Tak nieśmiało dodam,że dobry chleb MOIM ZDANIEM powinien być dobry nie tylko zaraz po upieczeniu- te wszystkie są dobre. Problem zaczyna się po pewnym czasie….Nemo, zgadzam się, ze dziś w Polsce (jak i w innych krajach) trzeba szukać. Ja u siebie kupuję chleb tzw. kanapkowy, który na drugi czy trzeci dzień może nawet jest lepszy niż zaraz po upieczeniu bo nie jest tak „twardo-skórkowy” a nie traci walorów smakowych i konsystencji- nie kruszy się.

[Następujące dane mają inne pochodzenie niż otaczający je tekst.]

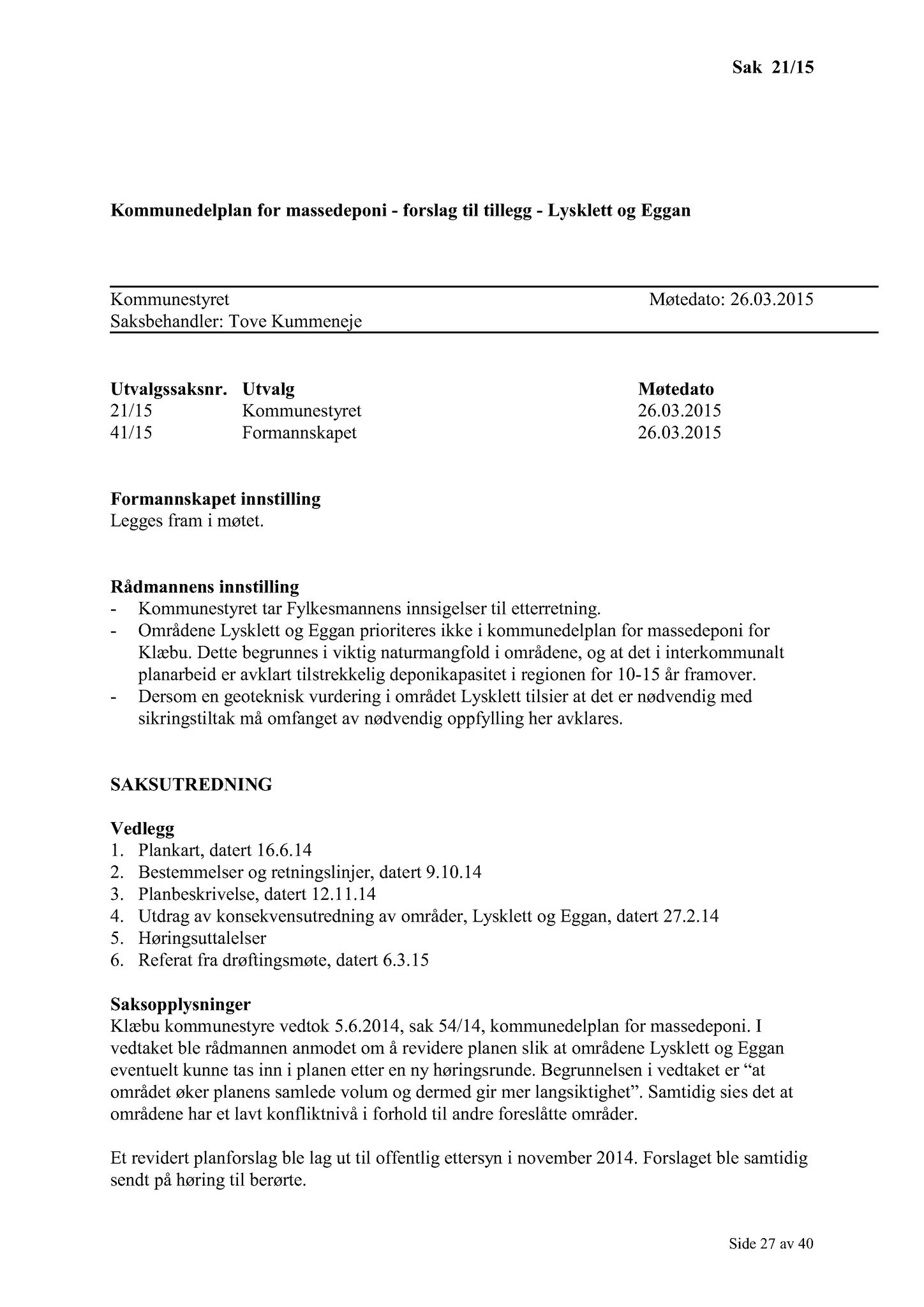 Klæbu Kommune, TRKO/KK/01-KS/L008: Kommunestyret - Møtedokumenter, 2015, p. 245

Najlepszy chleb i tak był pieczony na liściach łopianu lub kapusty , przez moją daleką ciocię na jednej z zamojskich wiosek! Tu mnie Andrzej nie przekona 😉
Zgadzam się Małgosiu i twierdzę,
że w każdym niemal kraju można kupić zarówno dobry jak i zły chleb. Taki który będzie lub nie będzie smakował. Da się zjeść albo nie da.
Parę lat temu bedąc z synem w Krakowie chciałem mu dać poznać smak polskiego chleba. Nie jestem pewien czy mi się to udało…
Jeśli z urodzenia Polak upiecze w Szwecji z tamże produkowanej gotowej mieszanki mąki włoski chleb typu focaccia to jaki to będzie chleb?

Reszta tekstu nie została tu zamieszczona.